Two good things happened in Washington, DC. One received mass media fanfare, while the other escaped the radar. They are linked.

Twenty-eight Republican members of the House of Representatives, including Speaker John Boehner, voted for a clean debt-ceiling increase. Those 28 Republicans were joined by 193 Democrats. Those Republicans and Democrats should be applauded for doing the right thing for the US. Their motivations may be partisan politics; but, that said, the outcome puts the good of the country ahead of political party.

A clean debt-ceiling bill postpones debt-limit political squabbles until early 2015. It relieves a huge uncertainty that impacted the markets and economy. By using the debt limit as a political tool in the fight over spending initiatives, the Tea Party-esque conservative Republican wing introduced additional risks and costs to every business, investor, foundation, charitable institution, and other financial organization in the US. The debt limit squabble is a political contrivance. It represents a fiction. Everyone knows it.

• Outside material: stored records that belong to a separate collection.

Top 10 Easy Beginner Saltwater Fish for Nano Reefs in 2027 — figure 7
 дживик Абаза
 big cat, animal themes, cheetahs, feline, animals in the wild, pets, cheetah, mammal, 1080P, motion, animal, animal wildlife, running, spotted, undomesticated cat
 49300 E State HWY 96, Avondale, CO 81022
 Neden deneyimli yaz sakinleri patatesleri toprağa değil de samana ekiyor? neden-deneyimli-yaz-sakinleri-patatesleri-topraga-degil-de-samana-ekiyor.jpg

No one in the world expects the US to default on its debt. It has no reason to do so. US debt is a preeminent high-quality promise to pay in a timely way. It is an obligation with the capacity of the world’s largest economy behind it. It is also denominated in the US dollar, which is the world’s reserve currency and which dominates transactions globally. The Tea Party Republicans and the couple of Democrats who joined them in an attempt to use the debt limit as a blunt tool to hack at budget priorities performed a horrible disservice to the US and all of the constituencies within it.

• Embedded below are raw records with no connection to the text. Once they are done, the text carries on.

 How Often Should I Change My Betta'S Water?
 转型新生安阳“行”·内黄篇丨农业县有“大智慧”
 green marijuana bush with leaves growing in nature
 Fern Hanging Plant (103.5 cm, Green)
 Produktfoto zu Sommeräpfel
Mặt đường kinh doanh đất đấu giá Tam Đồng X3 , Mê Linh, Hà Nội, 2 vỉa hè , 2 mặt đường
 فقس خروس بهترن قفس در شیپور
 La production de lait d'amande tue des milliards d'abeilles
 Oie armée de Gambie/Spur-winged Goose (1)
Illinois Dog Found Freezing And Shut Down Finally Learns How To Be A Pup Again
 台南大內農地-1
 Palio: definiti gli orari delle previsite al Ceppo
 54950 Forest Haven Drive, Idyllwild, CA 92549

Please understand that we have no issue with a fight over spending priorities and taxation policy. Grappling with such issues is what our political system does, and that is why we elect a Congress. The fault we find is that members of Congress used the debt limit as the vehicle for the fight.

We applaud the 28 Republicans who, along with the Democrats, courageously cast votes to get a clean debt-limit bill passed. They face political attacks within their own party, launched by Tea Party primary entrants who will urge voters to show them the door come Election Day. That is all the more reason to support those Republicans who put their country and conscience ahead of their party.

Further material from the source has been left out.